PRESIDENT BORIS YELTSIN, Russia: (speaking through interpreter) I repeat once more, Russia is not going to get involved in the conflict unless the Americans push us to that. NATO wants to launch ground operations. It wants to simply seize Yugoslavia and make it their protectorate. We can by no means give Yugoslavia away.
TOM BEARDEN: Sharp fighting broke out on the southern border of Kosovo today between the Yugoslav army and KLA rebel forces. Four rebels were reported killed by artillery fire. The fighting took place not far from the refugee camps in Albania. Today the United Nations High Commission for Refugees said it had located some 10,000 refugees that had been missing since Wednesday. They were among the mass of people who were moved out of the infamous camp at Blace, Macedonia, earlier this week. Most were bused to camps in Albania. But NATO Spokesman Jamie Shea said the whereabouts of the refugees who were moved back into Kosovo after the Yugoslav Army closed the border remain uncertain.
JAMIE SHEA: One of the things that we're trying to track with the United Nations High Commission for Refugees is the fate of car people, if I can put it that way -- of people who were in a line of cars stretching about 20 kilometers up to the Albanian border, whose cars have now been abandoned, but we do not know where the people are. Perhaps they have crossed over into Albania on foot, or by various means. Perhaps they've been turned back inside Kosovo. But this is something we need to, or we are, watching carefully.
TOM BEARDEN: In Washington this afternoon, Pentagon Spokesman Kenneth Bacon said there is increasing evidence of brutality inside Kosovo.
KENNETH BACON, Pentagon Spokesman: We're getting some very disturbing reports out of Kosovo recently that young Kosovar women are being herded into a Serb Army training camp near the town of Dakovica, which is in southwest Kosovo, where they are being raped by troops, and we have reports that as many as 20 may have been killed in the course of this. This is a very eerie and disturbing echo of documented instances of rape and killing of women in Bosnia during the Bosnia war, and it is obviously outrageous that this is occurring. We are getting these reports, as I say, and we will be attempting to try to confirm these reports over the next few days, as we interview refugees and look for other ways to obtain information.

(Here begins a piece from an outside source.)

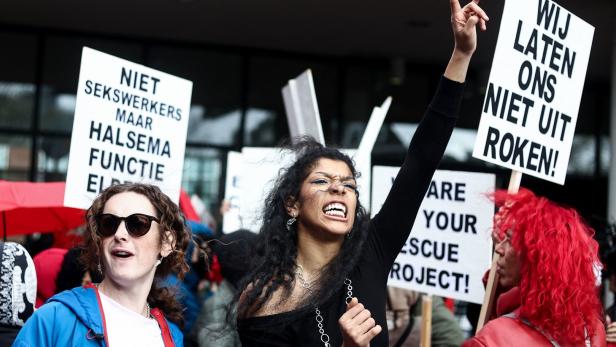 Kein neues Erotik-Zentrum! Amsterdams Sex-Arbeiterinnen protestieren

TOM BEARDEN: Today, Macedonian authorities began burning the refuse at the now-abandoned Blace Camp for health reasons. The UN now estimates that more than half a million people have left Kosovo since fighting began there in March of last year. Meanwhile, NATO is beefing up its combat forces. The Albanian government reported that the first of 24 American Apache attack helicopters is expected to begin arriving in that country tonight, much sooner than had been anticipated. The low-flying helicopters are designed to kill tanks. The helicopter battalion will be joined by a rocket-launching unit and some 2,000 American soldiers. The Pentagon announced that six additional F-15 fighters would join Operation Allied Force, and France sent four more Mirage jets to NATO's air base in Aviano, Italy. In Washington, President Clinton again called on President Milosevic to accede to NATO's demands.
PRESIDENT CLINTON: As our strikes have intensified, Mr. Milosevic has tried to rearrange the facts on the ground by declaring a cease-fire while closing his borders to fleeing refugees. But the fundamental reality is unchanged: Attacks on innocent people continue. Refugees who were pushed from their homes by force now see their escape routes blocked by force. Mr. Milosevic still thinks he can manipulate the situation by cynically using innocent people. He hopes that we will accept as permanent the results of his ethnic cleansing. We will not, not when a quarter of Kosovo's people are living in refugee camps beyond Kosovo's borders; not when hundreds of thousands more are trapped inside, afraid to go home but unable to leave. If we settle for half measures from Mr. Milosevic, we will get nothing more. And what we have from Mr. Milosevic today is not even partial compliance, but the illusion of partial compliance. We and our allies have properly rejected it.